Image Folder with many non-class subfolders

Hi,
I’m building a image classifier using trail camera data. I’m trying to create a custom dataset by loading images from a directory with many sub folders organized by capture location and date and not by classes.

for example,.

/data
    /COL
            /COLE
                        /CO_LE_05_190211
                                     /CLE-COLE05_00001_1-6-2019.jpg
                                     /CLE-COLE05_00001_1-25-2019.jpg
                                     .
                                     .

                        /CO_LE_05_190227
                                     /CLE-COLE05_00002_2-5-2019.jpg
                                     /CLE-COLE05_00002_2-6-2019.jpg
                                     .
                            
                        /CO_LE_05_190404
                                     /CLE-COLE05_00003_4-7-2019.jpg
                                     /CLE-COLE05_00003_4-13-2019.jpg
                                     .   
                                     .

I have a csv file with image paths and their respective label so I could take a subset of the dataset and structure sub-folders based on each class, however, doing so would limit accuracy, inferencing, etc.

I have over 3 million images and have found that re-organizing images by class would not be possible considering my memory limitations and time needed to do so.

I was wondering if anyone could suggest a custom dataset loader that would allow me to reference the csv with image path and label info, while retaining the current folder structure?

any help is greatly appreciated.

cheers,
mkutu

I think the approach of using your already valid .csv file and keeping the folder structure sounds reasonable and I would avoid moving around the data.

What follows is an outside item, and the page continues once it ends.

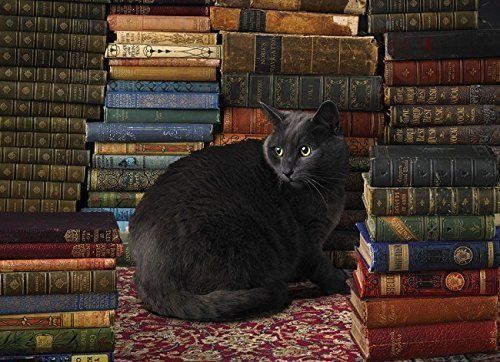 Cobble Hill - Library Cat 1000 Piece Jigsaw Puzzle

To use the csv data, I would recommend to load it in your Dataset.__init__ method with e.g. pandas via pd.read_csv and use the index in Dataset.__getitem__(self, index) to get the current file path and label.
I’m not sure how your csv is structured, but you can index the rows and columns of the pd.DataFrame easily.
Once you have the image path, you could load it with PIL and transform it to a tensor.
The label will most likely be returned as a numpy array/scalar, so you could use torch.from_numpy() to create the target tensor.